Sosyal medyada hesap oluşturmak, bilgileri güncellemek hem basit, hem de bedava. Burada bireyler sadece birbirini etkilemeye yönelik paylaşımlar gerçekleştirmiyorlar. Sayfalarda yalnızca bilgi paylaşımı sağlanmıyor. Nitelikli olmaları ve sayılarının her geçen artmasıyla toplumsal dinamikleri ve yaptırımları tartışılmaz olan sosyal medya siteleri İlk bakışta sadece 'sosyalleşme aracı olarak görülse de, gerek organize suç örgütlerin, gerekse bireysel suçları tetiklemede öncü rolü oynuyor. Örgütlerin odağında birincil hedef sosyal medya kullanıcıları bulunuyor. Çünkü sosyal ağlarda 24 yaş altında kullanıcı sayısı % 33 dür.
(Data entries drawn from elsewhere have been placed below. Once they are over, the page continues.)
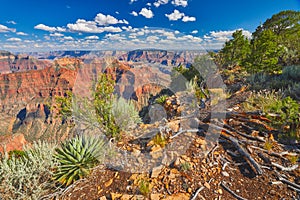 Grand Canyon From North Rim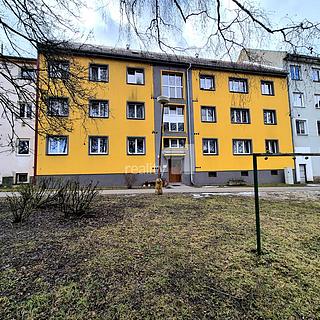 Pronájem bytu 4+1 82 m² Aš, Skřivánčí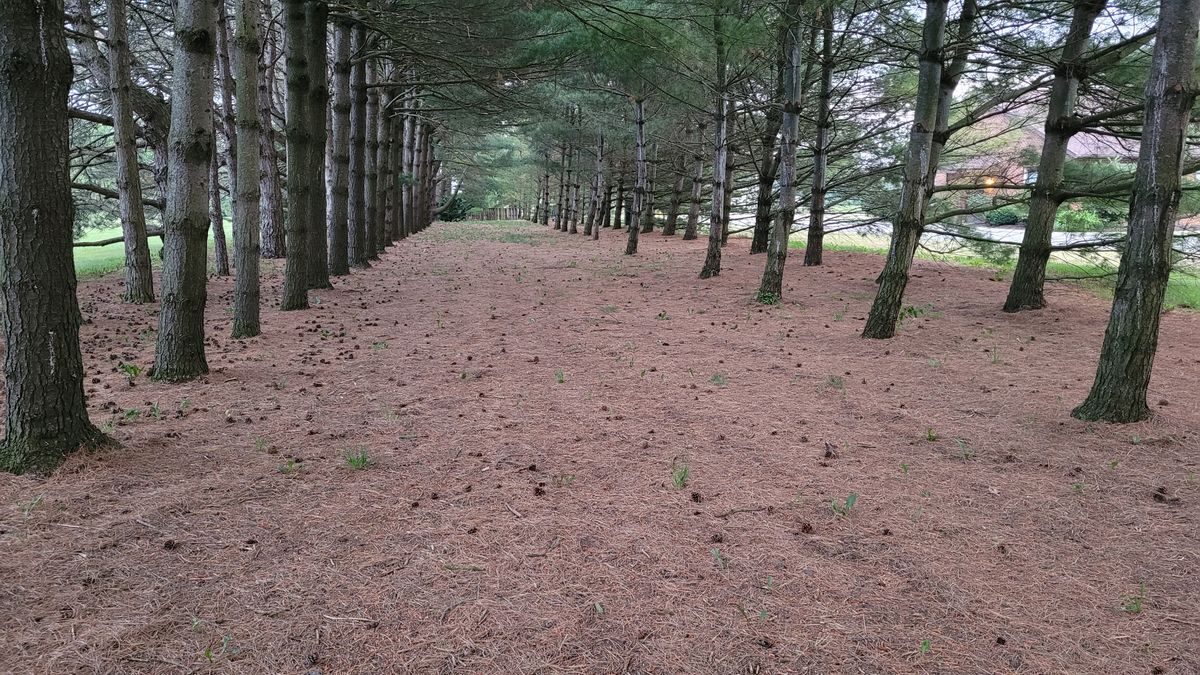 Hole 8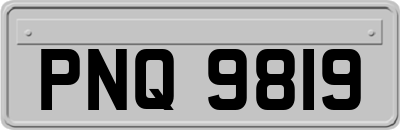 PNQ9819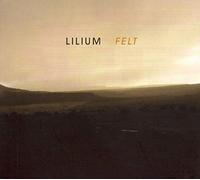 Felt -Digi-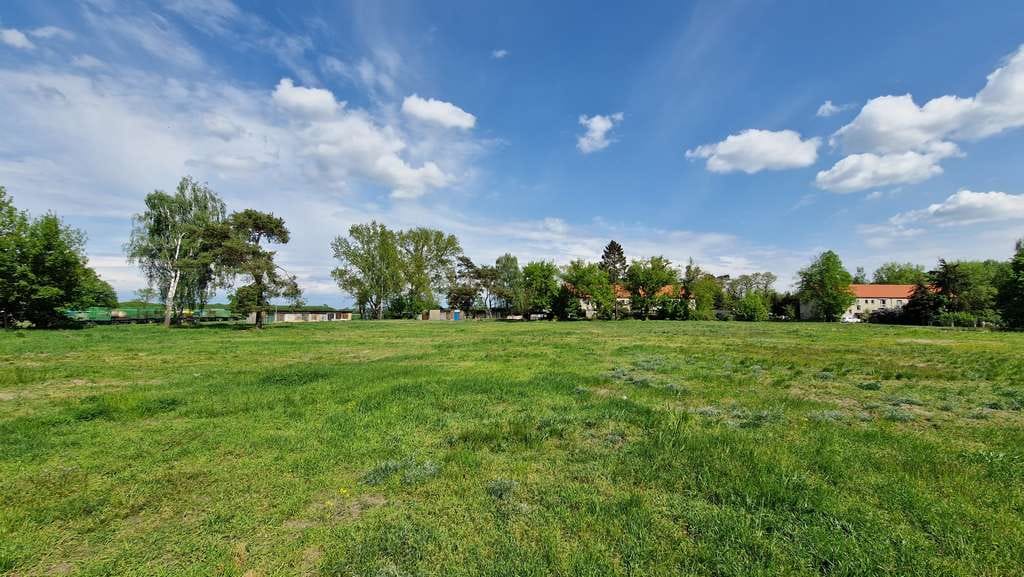 Immobilie in Friesack - Hausbau leicht gemacht: Massivhaus Bodensee 129 im Havelland - Bild 4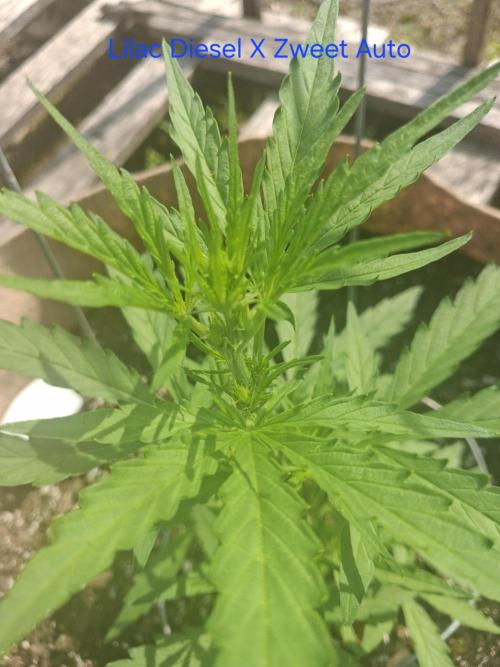 Maine Outdoor 2026 LATE START. Week 5 - Lilac Diesel x Zweet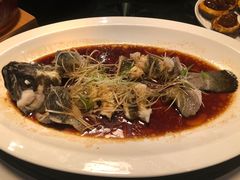 -三号黄浦会Canton Table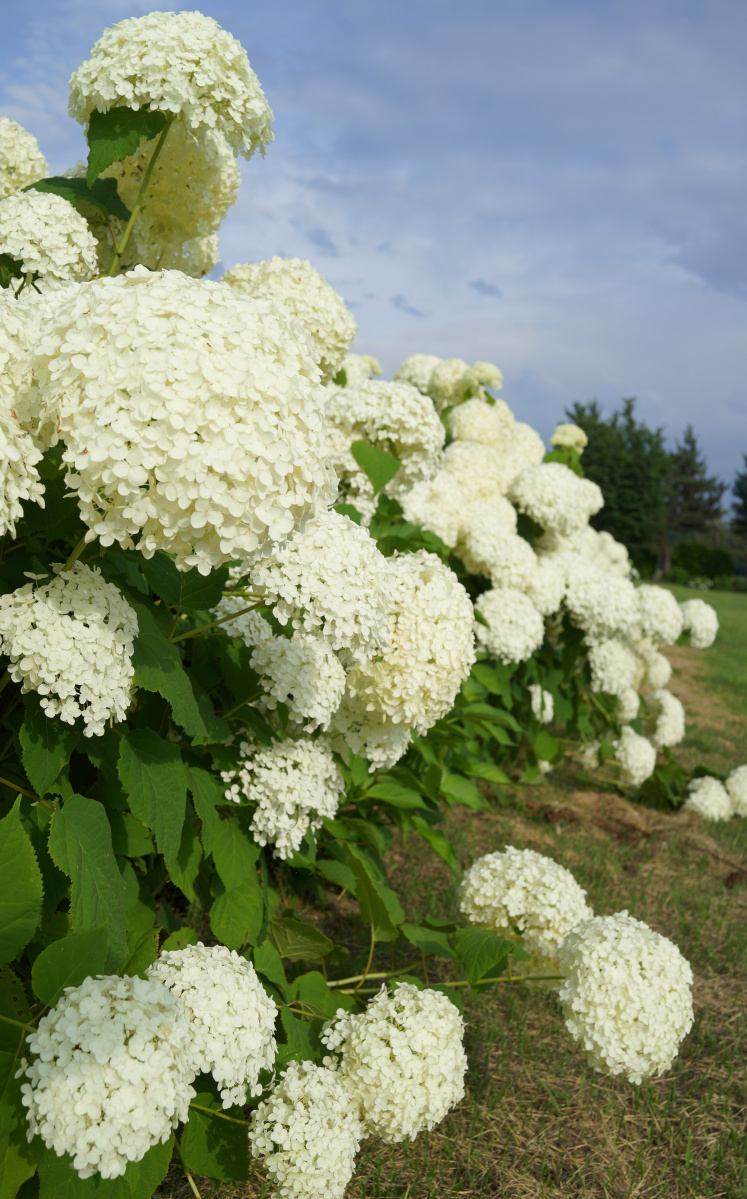 The problem with "Annabelle" hydrangea? It flops.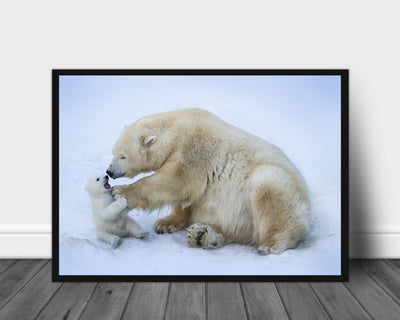 Polar bear with mom poster - Plakatbar.no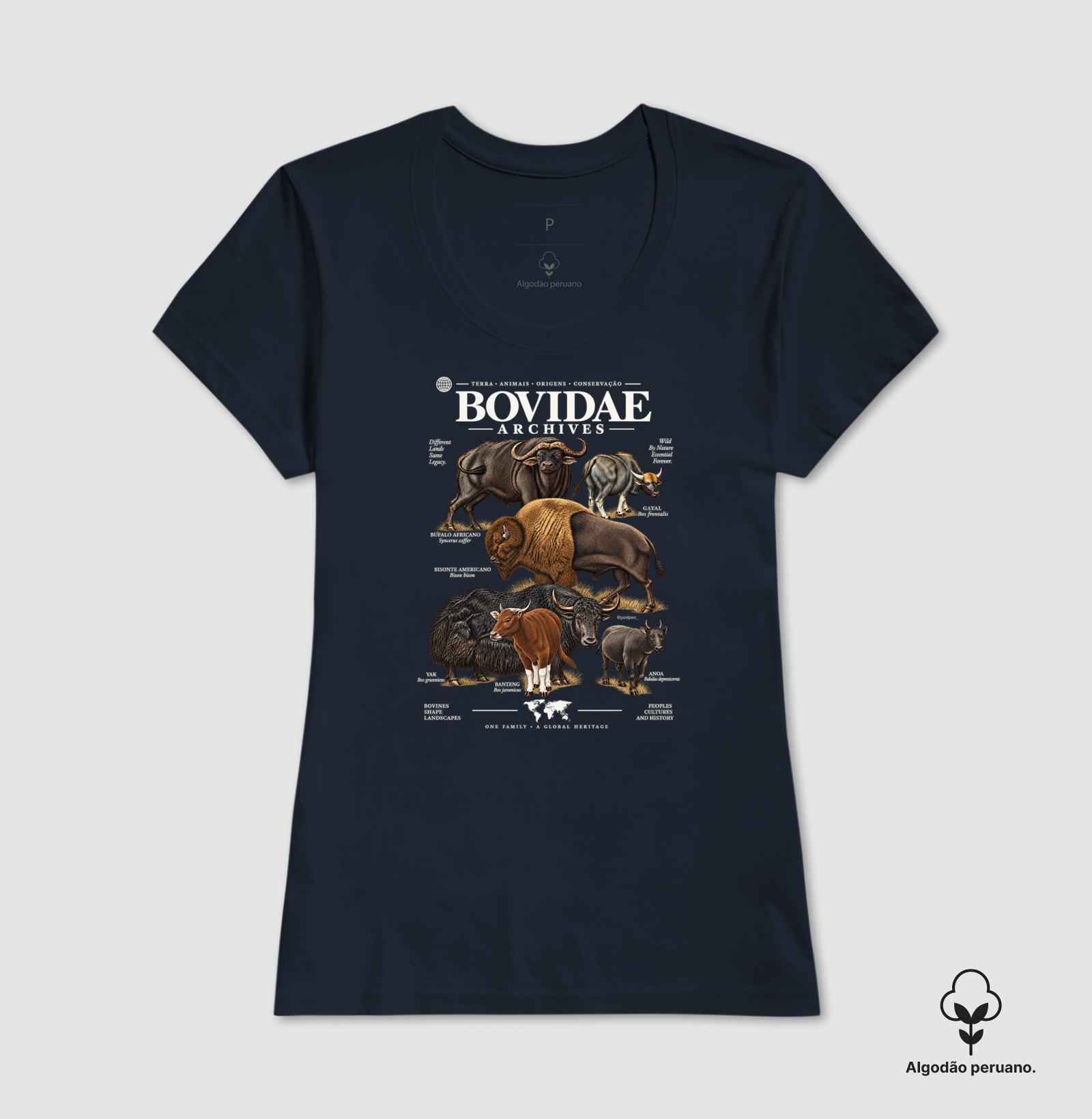 Bovidae Archives - Imagem 9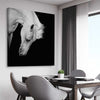 Animal wall art and canvas prints of Midnight White Horse on a stretched canvas displayed from an angle in a room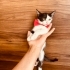 Acil ömürlük yuva arıyorum fotoğraf
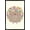 Black Framed Version, variant on Andy Westface - Porcupine Give Me A Hug Wall Poster, 14.725" x 22.375"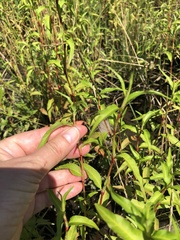 Persicaria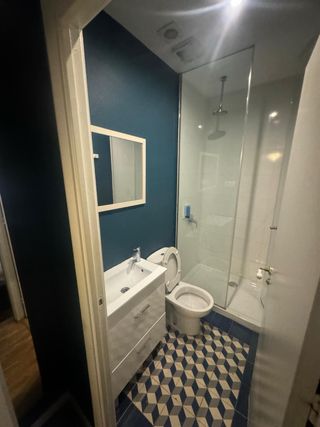 Pintor profesional económico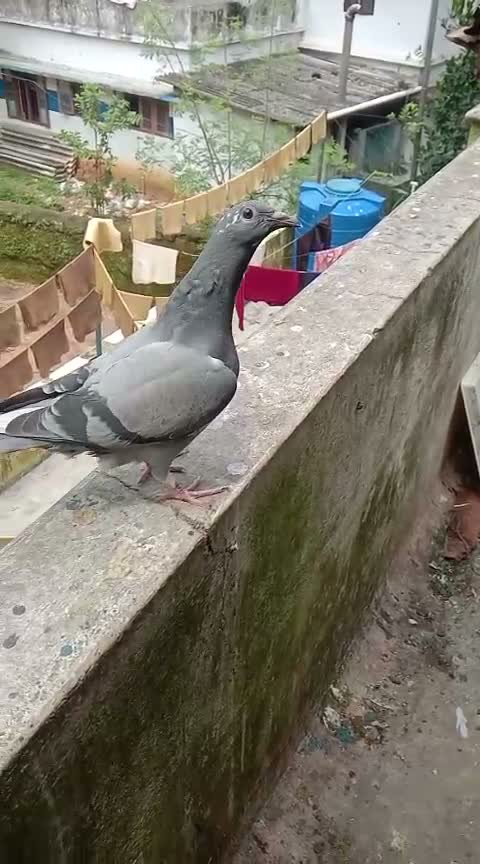 Chotiyal Pigeon, farm video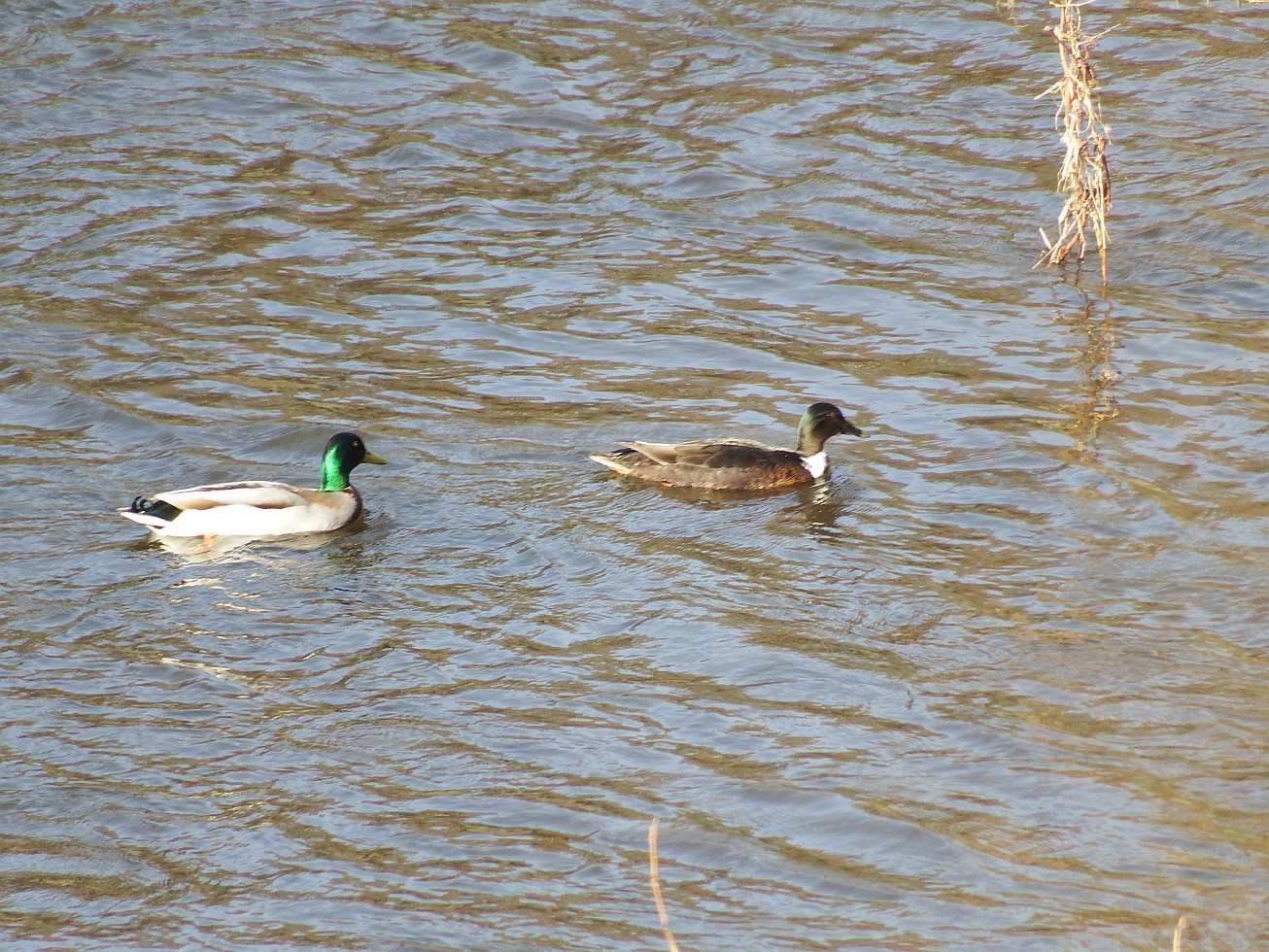 87. Kachny na soutoku
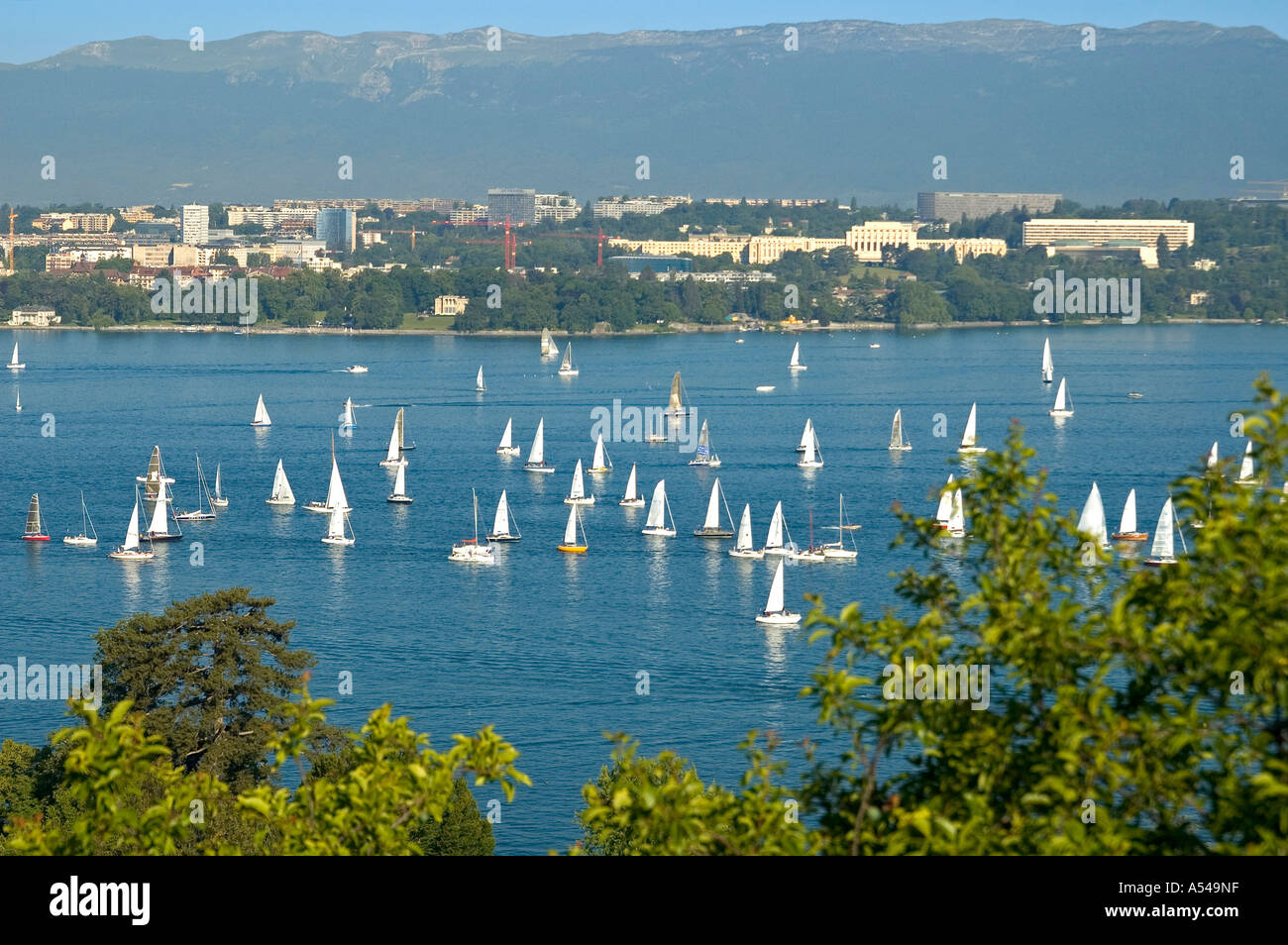 Sailing on Lac Leman Geneva Switzerland Stock Photo 6395678 Alamy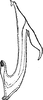 Aedeagus, lateral view on Dikraneura (Dikraneura) straminea (Distant, 1918): Aedeagus, lateral view. (Observation).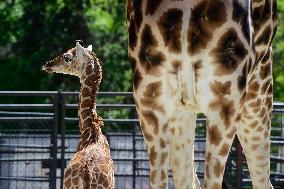 Rothschild giraffe calf, Giraffa camelopardalis rothschildi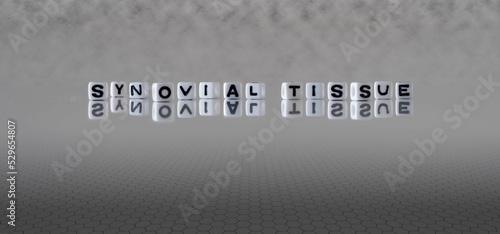 synovial tissue word or concept represented by black and white letter cubes on a grey horizon background stretching to infinity photo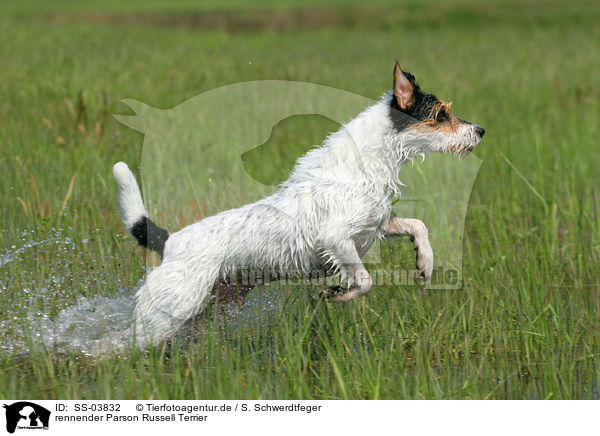 rennender Parson Russell Terrier / running Parson Russell Terrier / SS-03832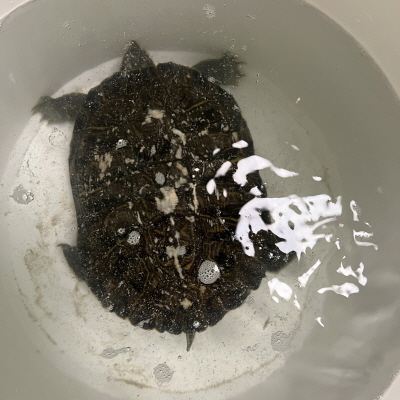 누리동물병원_426333202300551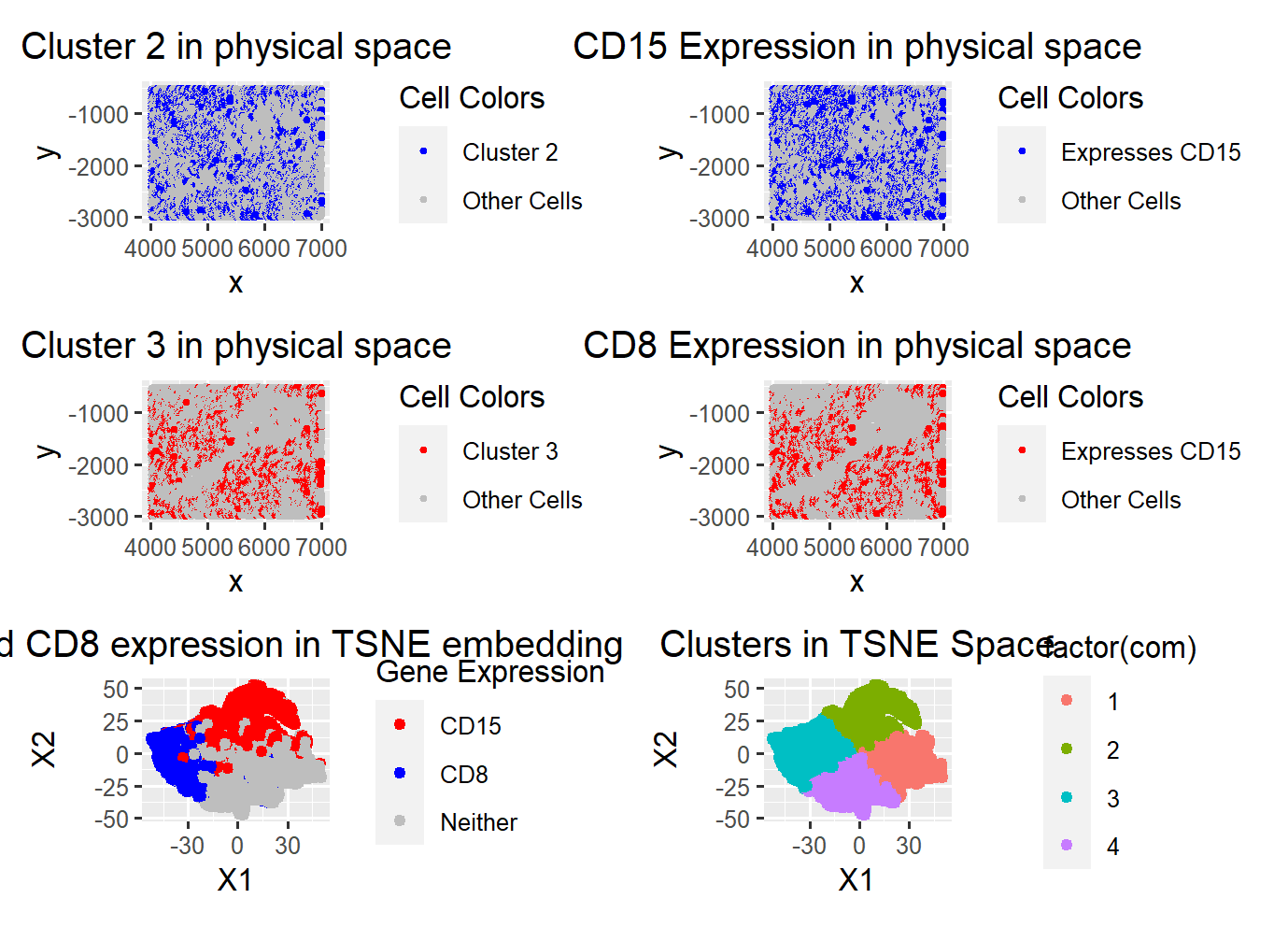 CD15 and CD8 Expression in White Pulp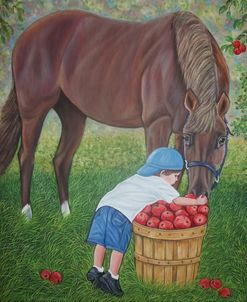 Picking Apples, A Little Boy And A Horse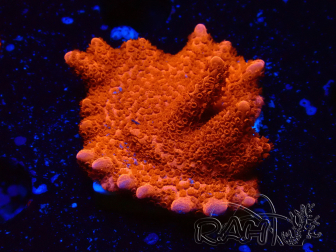 WYSIWYG Montipora rot wächst rot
Gençler bu örgütlerin mercekleri altındadır. Hem eleman devşirmek, hem de temin edilen piyonlar sayesinde kamu güvenliğini tehdit etmek adına tüm teknolojik gelişmeleri yakından izliyorlar. Dolayısıyla terör örgütlerinin propaganda yapmaları kolay olduğu gibi denetimsiz oluşu da kamu güvenliğini de tehlikeyi artırmaktadır.

Bir yandan bilgi kirliliği, diğer yandan da yasa dışı örgütlerin odağındaki vatandaşların kişisel bilgileri de elde edilmekte, adeta ortalığa saçılmaktadır. Nitekim sosyal medyadaki suistimalini fark eden İngiliz hükümetine bağlı Dijital İletişim ve İstihbarat Kurumu GCHQnun başkanı Robert Hanngen facebook ve twitterı teröre yardımcı olmakla suçluyor. İngiliz ekonomi gazetesi Financial Timesa bir makale yazan İngiliz istihbarat şefi Robert Hannigen, terör ve suç örgütlerinin 'kumanda ve kontrol ağı' olarak sosyal paylaşım siteleri Facebook ve Twitterı kullandığını iddia ediyor. ABD merkezli Facebook ve Twitterın 'özel hayatı koruma' gerekçesiyle, istihbarat örgütleriyle bilgi paylaşmaya yanaşmadığını belirtiyor. Terör ve suç örgütlerinin 'özel hayatı koruma' gerekçesinden faydalanarak, Facebook ve Twitterı 'kumanda ve kontrol ağı' olarak kullanmaya başladığını iddia eden İngiliz istihbarat şefi Robert Hannigen, Facebook ve Twitterın 'rahatsız edici bu gerçek'le yüzleşme zamanının artık geldiğini ifade ediyor.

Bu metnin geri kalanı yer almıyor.